Image-caption web data
******

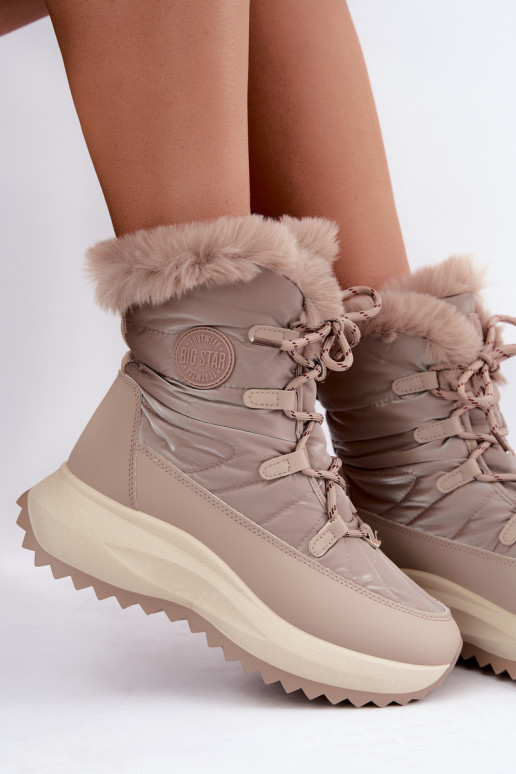 Sandfarbene Schneestiefel mit Plattform und Fell Big Star UU274221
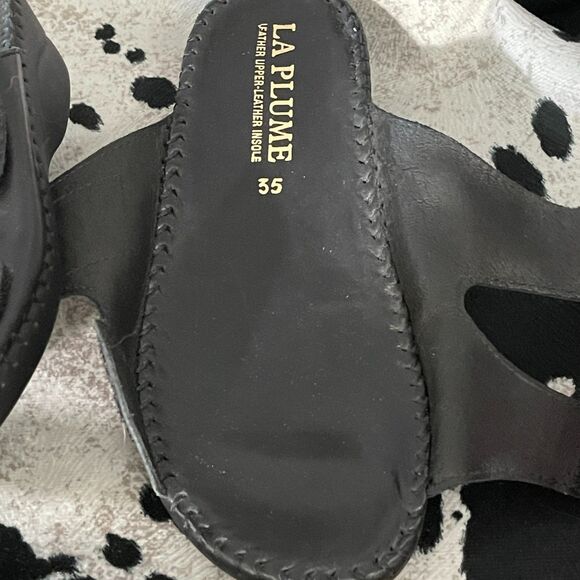 La Plume Jessica Leather Black Platform Sandal Size 6/35 Made in Italy - Picture 7 of 10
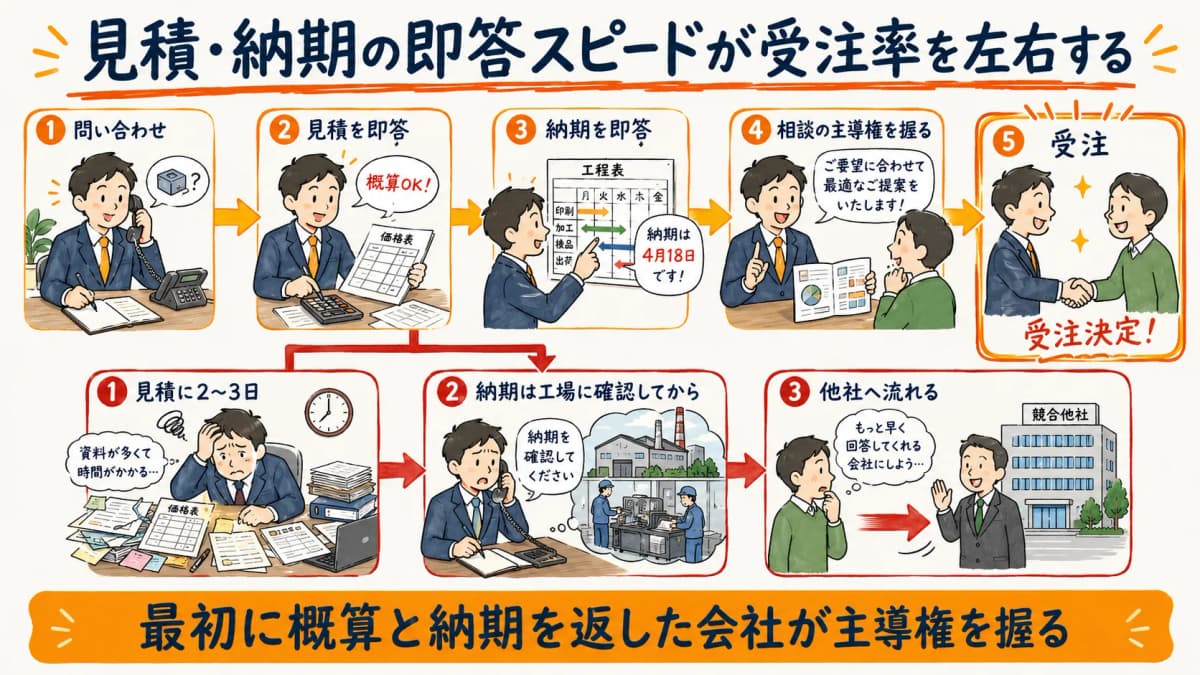 問い合わせから見積・納期の即答までが受注率を左右する流れ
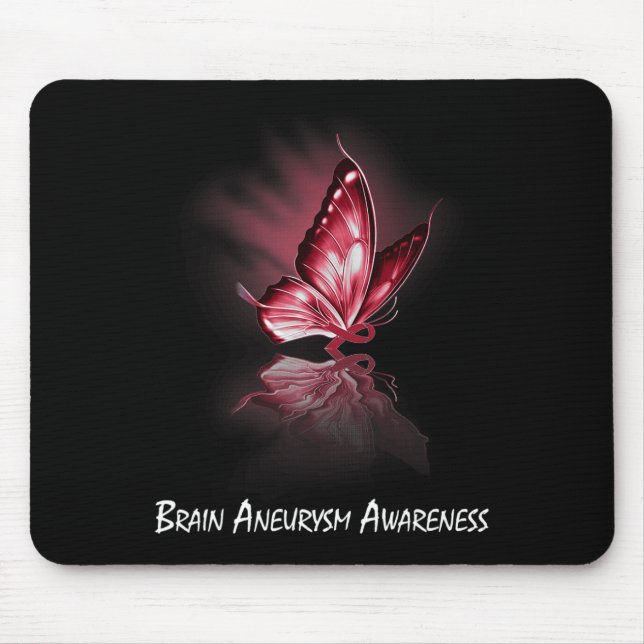 Butterfly Ribbon Brain Aneurysm Awareness  Mouse Pad (Front)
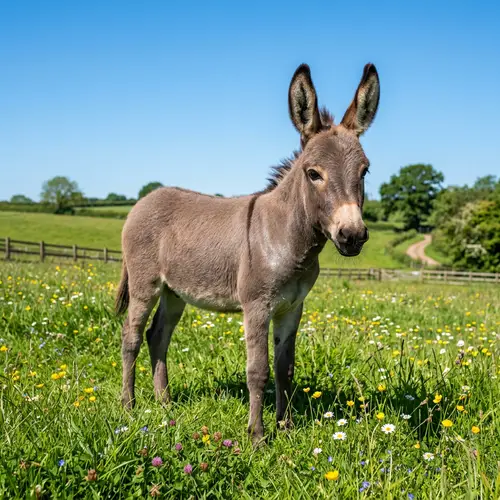 Cute Youthful Donkey in Serene Pasture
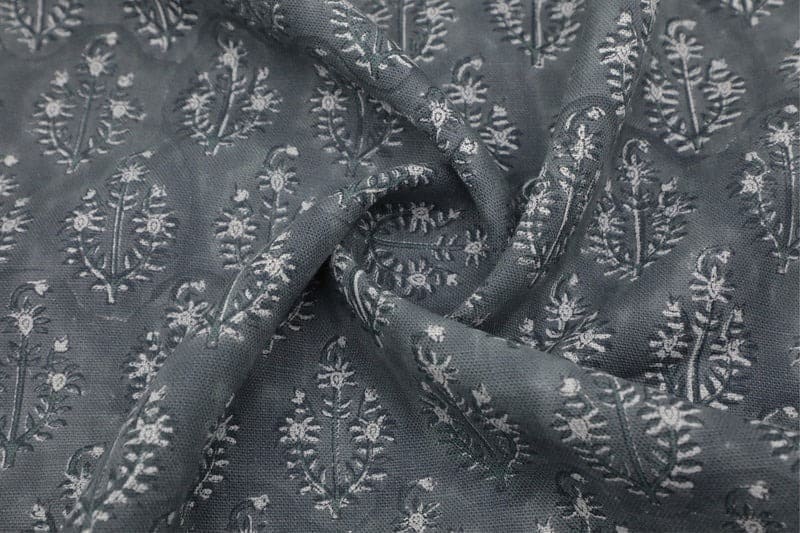 Premium Hand Block Print Dusty Blue Thick Linen Pure Fabric - Neel Gagan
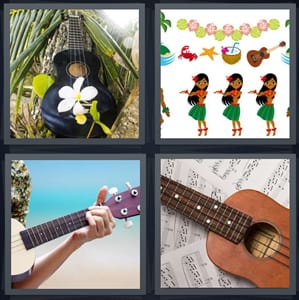 instrument in tropical setting, icon symbols for Hawaii, man playing string instrument, instrument with sheet music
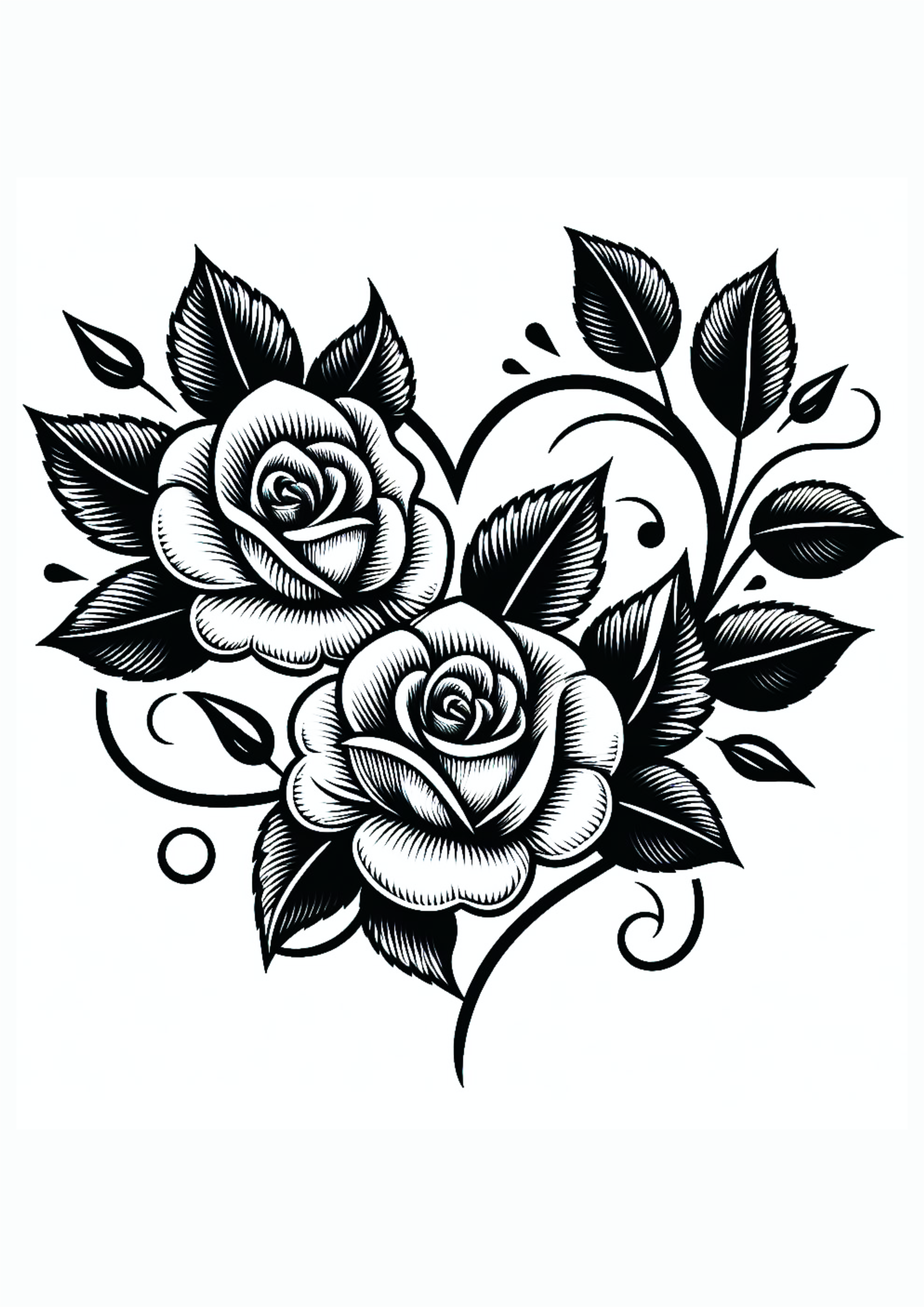 Desenho simples para tatuagem flores em forma de coração arranjo de flores minimalista monocromático folhas png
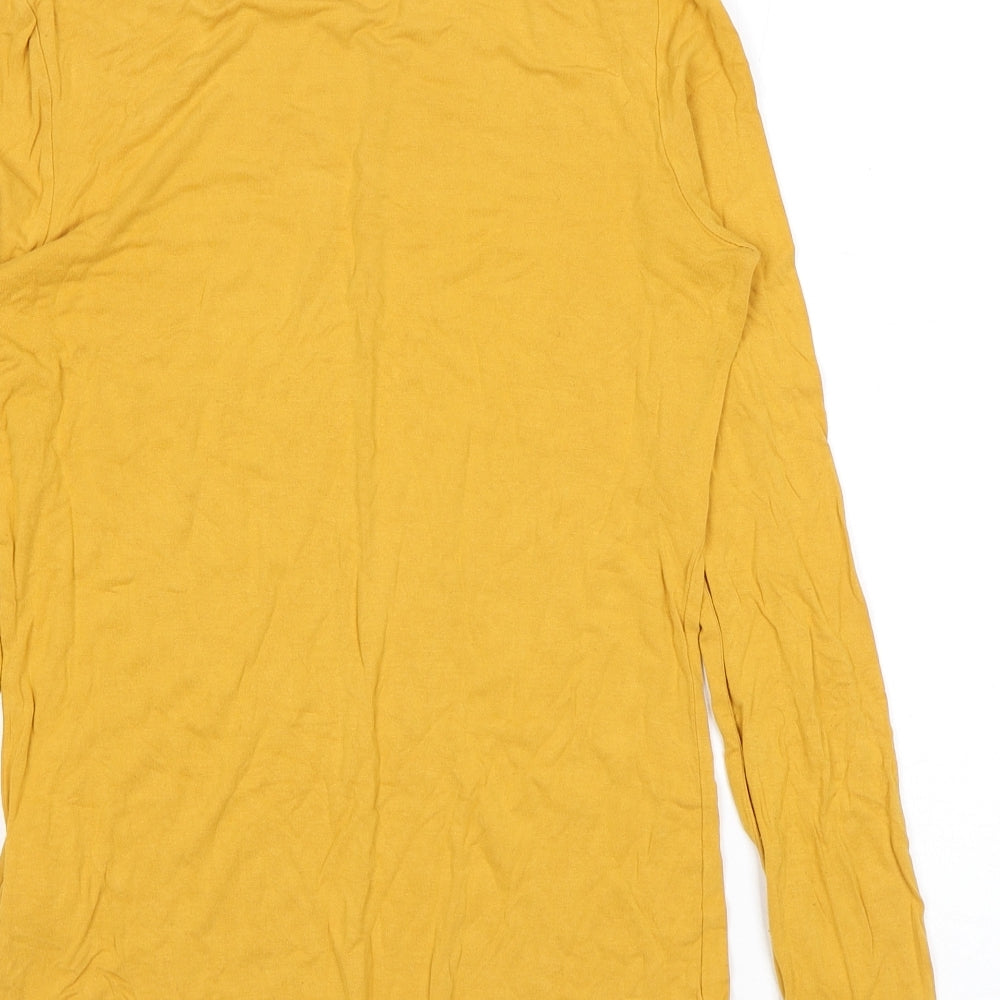 New Look Womens Yellow Viscose Basic T-Shirt Size 10 Roll Neck
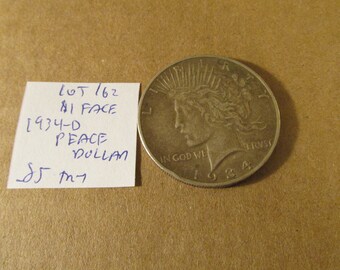 1.00 Face~1934-d Peace Dollar~90% Silver~Exact Coin Shown~.85 Troy Ounce~Free Shipping~Lot 162!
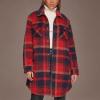 imageLevis Womens Wool Blend Sherpa Lined Long Shacket Standard ampamp Plus SizesNavyRed Plaid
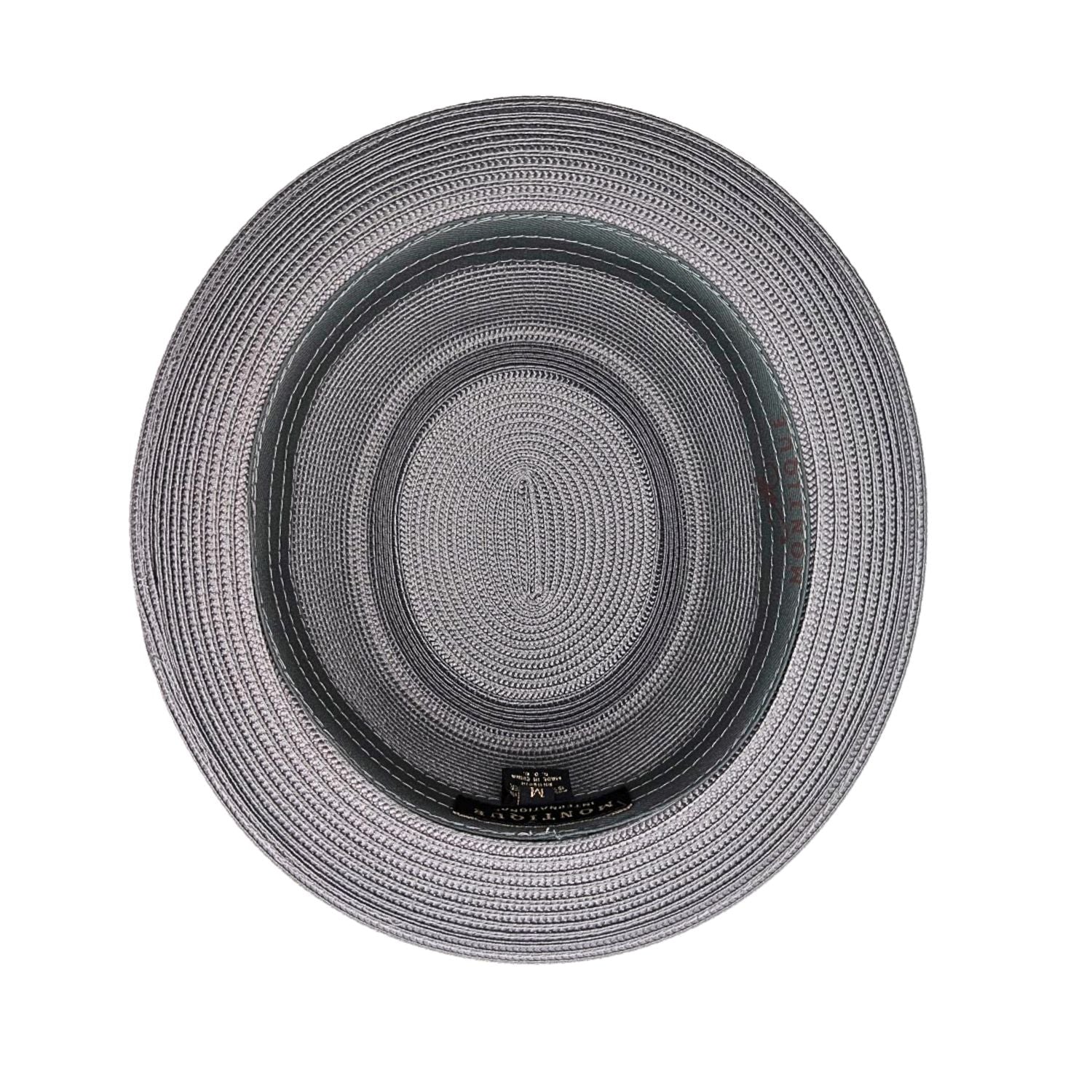 Grey Montique pork pie hat interior view with woven construction, flat crown, and inside sweatband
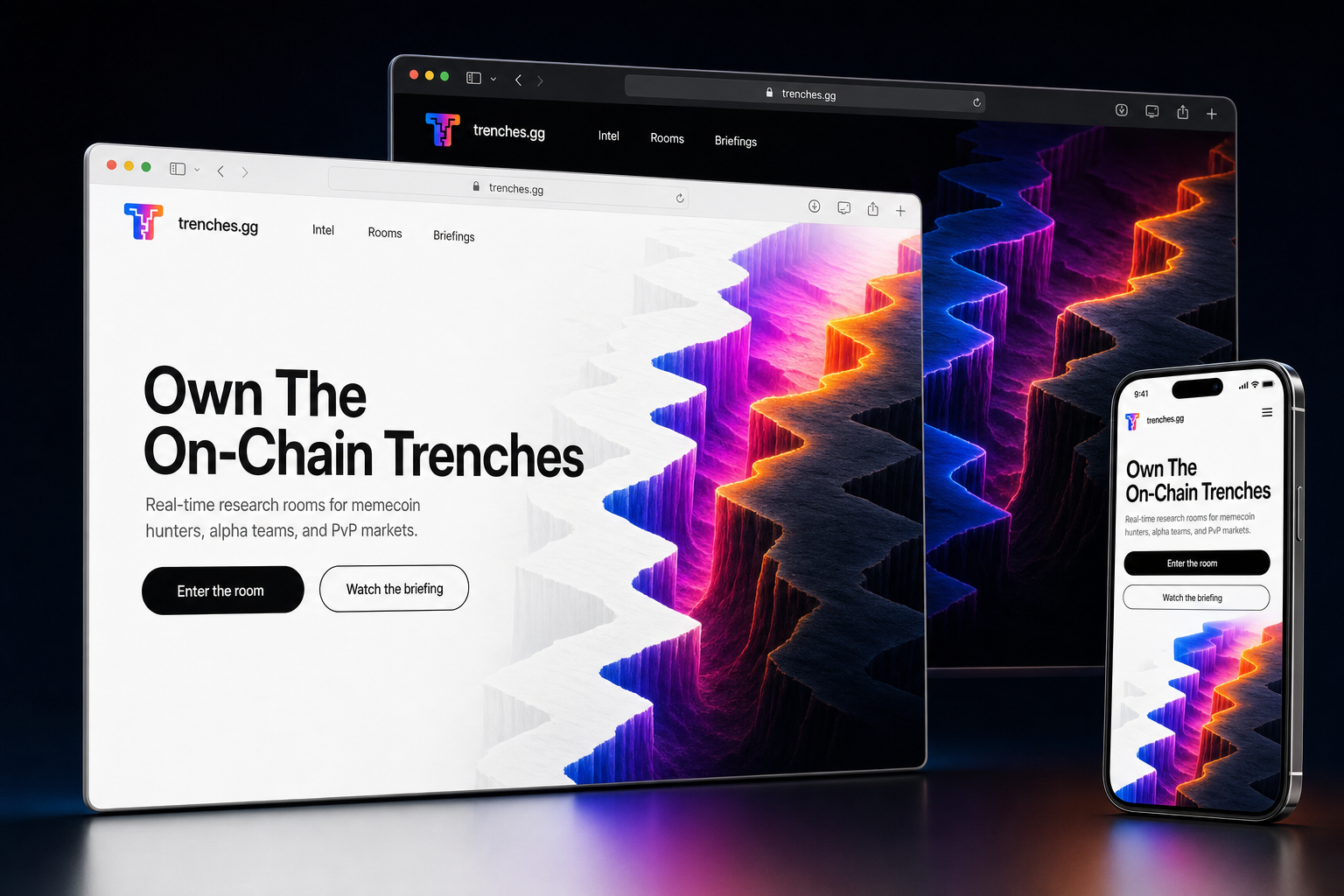 trenches.gg website concept preview enlarged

******

### Try it
Exactly the lines from the one holding "Desenho simples para" to the last line of the records above should be duplicated, with no pictures among them.

### Answer for the task
 Desenho simples para tatuagem flores em forma de coração arranjo de flores minimalista monocromático folhas png
 New Look Womens Yellow Viscose Basic T-Shirt Size 10 Roll Neck
 1.00 Face~1934-d Peace Dollar~90% Silver~Exact Coin Shown~.85 Troy Ounce~Free Shipping~Lot 162!
 imageLevis Womens Wool Blend Sherpa Lined Long Shacket Standard ampamp Plus SizesNavyRed Plaid
 Grey Montique pork pie hat interior view with woven construction, flat crown, and inside sweatband
 trenches.gg website concept preview enlarged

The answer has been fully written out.